De fato, trata-se de um fenômeno instigante: como que aqueles que deveriam ser os guardiões da civilização mais avançada que já vimos se tornaram seus maiores detratores? Dalrymple não tem visão muito otimista do futuro da região, que deverá continuar refém de burocratas em Bruxelas, declinando relativa e absolutamente em termos econômicos, e cada vez mais frágil em questões mundiais. E justamente por conta dessa mentalidade predominante.

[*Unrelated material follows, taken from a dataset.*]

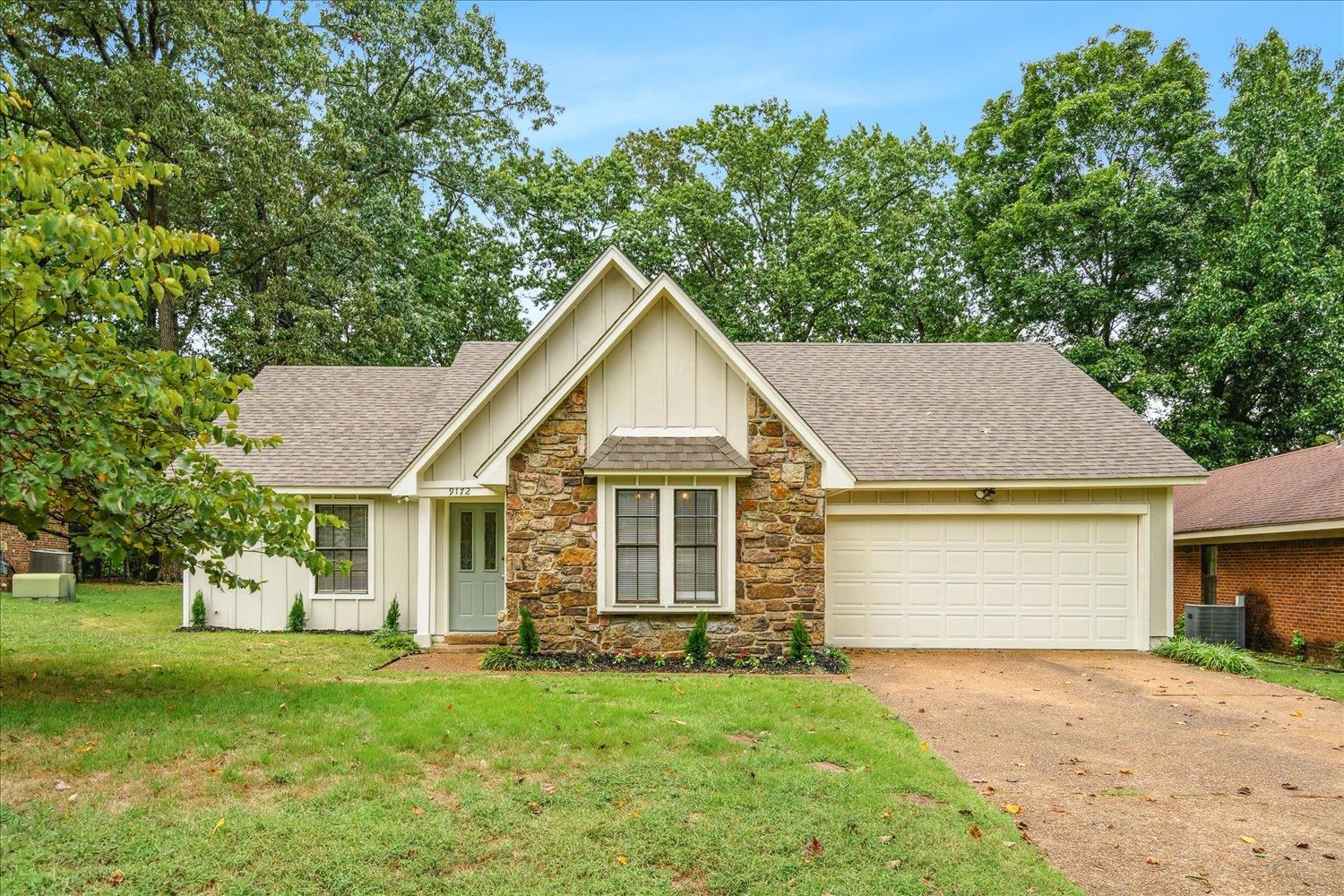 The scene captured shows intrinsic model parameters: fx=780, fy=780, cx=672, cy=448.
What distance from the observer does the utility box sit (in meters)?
15.7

Muitos percebem isso, mas sofrem de paralisia, incapazes de fazer algo prático para enfrentar os desafios e mudar o destino. Esperam simplesmente que o perigo desapareça, mas nada fazem para tanto. São como o coelho imobilizado pelo arminho, um carnívoro de pequeno porte capaz de devorar uma presa de até dez vezes seu tamanho. E todos, até mesmo os ricos, passaram a se considerar vítimas oprimidas na Europa.
Por trás disso, Dalrymple identifica o efeito psicológico da perda de status global, de quem já foi um dia o farol da humanidade, o líder da civilização, o símbolo do poder. Tudo isso foi chacoalhado no século XX, após as duas guerras mais sangrentas da história e os regimes coletivistas totalitários que eliminaram milhões de inocentes. Uma crença de que a própria história não contém nada de positivo leva ou a sonhos utópicos de um novo começo, ou a um fracasso de resistir a tais sonhos. Ou seja, fanatismo ou apatia.
Enquanto os ricos europeus tinham que contemplar um declínio apenas relativo, ainda era suportável, algo como viver num confortável museu de conquistas passadas. Mas à medida que o declínio começa a ser absoluto, num mundo dinâmico em que não há como ficar parado sem acabar andando para trás, a situação passa a ficar mais angustiante. E o ressentimento acaba tomando conta das pessoas.
A Europa hoje não é mais não-militarista, e sim anti-militarista. Os soldados não gozam de prestígio como ainda acontece nos Estados Unidos. A velha máxima de que quem deseja a paz deve se preparar para a guerra soa completamente estranha aos europeus modernos, todos “pacifistas”. Mas se a beligerância é um vício, isso não faz da covardia uma virtude. E essa postura acovardada não conquista o respeito dos demais, e sim seu desprezo.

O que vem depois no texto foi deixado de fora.